From: "Rémi Dewitte" <remi@gide.net>
To: yminsky@gmail.com
Cc: caml-list@yquem.inria.fr
Subject: Re: [Caml-list] Threads performance issue.
Date: Tue, 17 Feb 2009 08:40:11 +0100 [thread overview]
Message-ID: <2184b2340902162340s540c5ac7g9f42b59d03f643cb@mail.gmail.com> (raw)
In-Reply-To: <2184b2340902160937i53b8f3fbga01eaf14ed829f8f@mail.gmail.com>
[-- Attachment #1.1: Type: text/plain, Size: 6548 bytes --]

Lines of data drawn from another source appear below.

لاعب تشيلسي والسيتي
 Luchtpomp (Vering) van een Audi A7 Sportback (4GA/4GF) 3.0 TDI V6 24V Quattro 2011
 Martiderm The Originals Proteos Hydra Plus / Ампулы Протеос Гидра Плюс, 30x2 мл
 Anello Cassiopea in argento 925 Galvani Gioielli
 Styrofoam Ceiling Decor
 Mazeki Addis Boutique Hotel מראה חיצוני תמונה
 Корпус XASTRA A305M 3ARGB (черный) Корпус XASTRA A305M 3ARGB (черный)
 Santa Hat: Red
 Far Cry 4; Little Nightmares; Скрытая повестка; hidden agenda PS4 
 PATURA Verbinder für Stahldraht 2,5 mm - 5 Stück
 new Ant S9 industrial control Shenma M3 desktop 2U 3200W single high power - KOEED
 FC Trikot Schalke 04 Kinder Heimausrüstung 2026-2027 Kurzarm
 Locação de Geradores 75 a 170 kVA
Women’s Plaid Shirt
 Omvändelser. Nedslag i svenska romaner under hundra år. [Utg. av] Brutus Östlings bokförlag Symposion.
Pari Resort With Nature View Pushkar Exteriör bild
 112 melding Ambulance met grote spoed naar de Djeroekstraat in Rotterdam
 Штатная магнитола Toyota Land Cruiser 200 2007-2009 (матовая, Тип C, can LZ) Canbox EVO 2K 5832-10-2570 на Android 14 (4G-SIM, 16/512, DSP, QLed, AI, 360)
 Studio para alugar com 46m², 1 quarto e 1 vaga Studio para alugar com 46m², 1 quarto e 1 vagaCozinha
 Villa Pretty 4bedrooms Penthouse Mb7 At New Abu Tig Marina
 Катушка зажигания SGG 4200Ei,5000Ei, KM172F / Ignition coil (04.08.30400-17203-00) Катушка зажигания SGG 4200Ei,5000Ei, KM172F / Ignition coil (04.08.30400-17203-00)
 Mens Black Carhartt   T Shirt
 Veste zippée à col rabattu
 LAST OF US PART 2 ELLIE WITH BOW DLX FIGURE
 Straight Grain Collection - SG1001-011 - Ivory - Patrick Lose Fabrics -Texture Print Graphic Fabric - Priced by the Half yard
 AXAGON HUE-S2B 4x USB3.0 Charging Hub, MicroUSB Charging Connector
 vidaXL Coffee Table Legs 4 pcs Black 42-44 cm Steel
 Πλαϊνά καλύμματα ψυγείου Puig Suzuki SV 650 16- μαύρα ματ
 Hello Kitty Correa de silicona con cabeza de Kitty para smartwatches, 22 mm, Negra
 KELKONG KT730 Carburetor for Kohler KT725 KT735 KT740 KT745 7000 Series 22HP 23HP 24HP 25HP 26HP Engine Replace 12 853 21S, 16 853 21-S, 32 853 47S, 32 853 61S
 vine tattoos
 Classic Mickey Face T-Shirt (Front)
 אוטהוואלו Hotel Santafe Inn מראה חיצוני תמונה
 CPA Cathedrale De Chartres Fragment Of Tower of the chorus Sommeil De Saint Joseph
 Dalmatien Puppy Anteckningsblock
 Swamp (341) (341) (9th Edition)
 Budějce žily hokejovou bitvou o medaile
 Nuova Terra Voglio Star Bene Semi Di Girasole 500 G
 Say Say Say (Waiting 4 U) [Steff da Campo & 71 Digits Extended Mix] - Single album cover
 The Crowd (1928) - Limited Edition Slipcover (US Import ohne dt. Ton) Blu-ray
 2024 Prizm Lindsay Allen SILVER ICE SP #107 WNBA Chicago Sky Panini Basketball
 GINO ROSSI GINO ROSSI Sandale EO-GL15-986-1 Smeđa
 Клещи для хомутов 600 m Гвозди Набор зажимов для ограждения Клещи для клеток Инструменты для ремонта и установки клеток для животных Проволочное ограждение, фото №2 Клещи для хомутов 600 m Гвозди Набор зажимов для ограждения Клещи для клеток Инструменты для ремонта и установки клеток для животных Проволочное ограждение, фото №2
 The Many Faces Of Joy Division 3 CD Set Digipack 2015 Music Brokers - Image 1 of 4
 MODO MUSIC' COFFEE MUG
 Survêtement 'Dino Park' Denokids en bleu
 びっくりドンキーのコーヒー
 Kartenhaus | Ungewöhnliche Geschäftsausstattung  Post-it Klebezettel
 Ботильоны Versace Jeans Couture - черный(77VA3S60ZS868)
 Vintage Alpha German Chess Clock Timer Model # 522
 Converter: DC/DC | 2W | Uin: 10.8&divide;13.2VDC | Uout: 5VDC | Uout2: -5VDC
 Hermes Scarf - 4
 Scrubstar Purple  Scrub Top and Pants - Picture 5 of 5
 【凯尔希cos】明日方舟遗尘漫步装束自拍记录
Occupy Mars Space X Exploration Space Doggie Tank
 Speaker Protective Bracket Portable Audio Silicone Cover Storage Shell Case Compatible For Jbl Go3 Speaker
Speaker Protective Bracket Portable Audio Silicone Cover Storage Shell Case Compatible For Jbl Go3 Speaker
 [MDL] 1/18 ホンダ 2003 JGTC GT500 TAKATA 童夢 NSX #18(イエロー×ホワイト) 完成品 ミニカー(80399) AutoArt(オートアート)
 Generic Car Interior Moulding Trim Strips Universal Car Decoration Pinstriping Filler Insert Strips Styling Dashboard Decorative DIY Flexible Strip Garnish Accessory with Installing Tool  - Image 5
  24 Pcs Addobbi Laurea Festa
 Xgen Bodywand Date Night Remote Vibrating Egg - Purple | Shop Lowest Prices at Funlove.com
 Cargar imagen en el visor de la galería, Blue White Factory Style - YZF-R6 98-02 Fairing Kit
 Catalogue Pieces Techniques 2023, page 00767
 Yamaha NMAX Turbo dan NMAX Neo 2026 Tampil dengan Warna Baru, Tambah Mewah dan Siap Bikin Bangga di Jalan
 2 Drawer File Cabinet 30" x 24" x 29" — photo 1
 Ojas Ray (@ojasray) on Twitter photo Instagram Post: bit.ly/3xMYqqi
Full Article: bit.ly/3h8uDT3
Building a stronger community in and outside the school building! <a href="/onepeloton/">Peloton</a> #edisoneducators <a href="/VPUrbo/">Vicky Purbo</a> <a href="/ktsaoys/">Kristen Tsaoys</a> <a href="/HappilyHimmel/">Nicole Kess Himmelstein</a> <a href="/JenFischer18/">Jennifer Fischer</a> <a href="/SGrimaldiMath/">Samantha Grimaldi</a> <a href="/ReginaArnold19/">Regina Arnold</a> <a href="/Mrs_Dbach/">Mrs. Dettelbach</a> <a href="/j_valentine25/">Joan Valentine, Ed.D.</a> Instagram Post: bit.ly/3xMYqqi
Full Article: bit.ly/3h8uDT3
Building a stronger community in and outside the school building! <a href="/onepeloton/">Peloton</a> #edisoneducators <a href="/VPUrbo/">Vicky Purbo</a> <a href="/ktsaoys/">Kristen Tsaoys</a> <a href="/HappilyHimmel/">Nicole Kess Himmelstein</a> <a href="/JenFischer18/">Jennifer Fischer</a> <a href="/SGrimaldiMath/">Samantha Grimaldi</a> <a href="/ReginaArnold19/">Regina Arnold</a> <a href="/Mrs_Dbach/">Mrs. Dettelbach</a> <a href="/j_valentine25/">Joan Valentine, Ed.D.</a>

I have made some further experiments.
I have a functional version of the reading algorithm. I have the original
imperative version of the algorithm.
Either it is linked to thread (T) or not (X). Either it uses extlib (E) or
not (X).
Results are.
XX TX XE TE
Imperative | 3.37 | 7.80 | 3.56 | 8.40
Functional | 4.20 | 8.28 | 4.47 | 9.08
test.csv is a 21mo file with ~13k rows and a thousands of columns on a 15rpm
disk.
ocaml version : 3.11.0
uname -a gives
Linux localhost 2.6.28.4-server-1mnb #1 SMP Mon Feb 9 09:05:19 EST 2009 i686
Intel(R) Core(TM)2 Duo CPU E8400 @ 3.00GHz GNU/Linux
While I think I have to find improvements to the functional version, I
struggle finding a rationale behind this high loss of performance while I am
not even using threads, just linking to...
Cheers,
Rémi
On Mon, Feb 16, 2009 at 18:37, Rémi Dewitte <remi@gide.net> wrote:
> Yaron,
>
> I use a slightly modified version of the CSV library's load_rows . Here is
> the main code which is highly imperative style. I might transform it in
> purely functional style ?
>
> The main program is :
>
> open Printf;;
> open Sys;;
> let timed_exec start_message f =
> print_string start_message;
> let st1 = time () in
> let r = f () in
> print_endline ("done in " ^ (string_of_float ((time ()) -. st1)) );
> r;;
>
> (* This line enabled makes the program really slow ! *)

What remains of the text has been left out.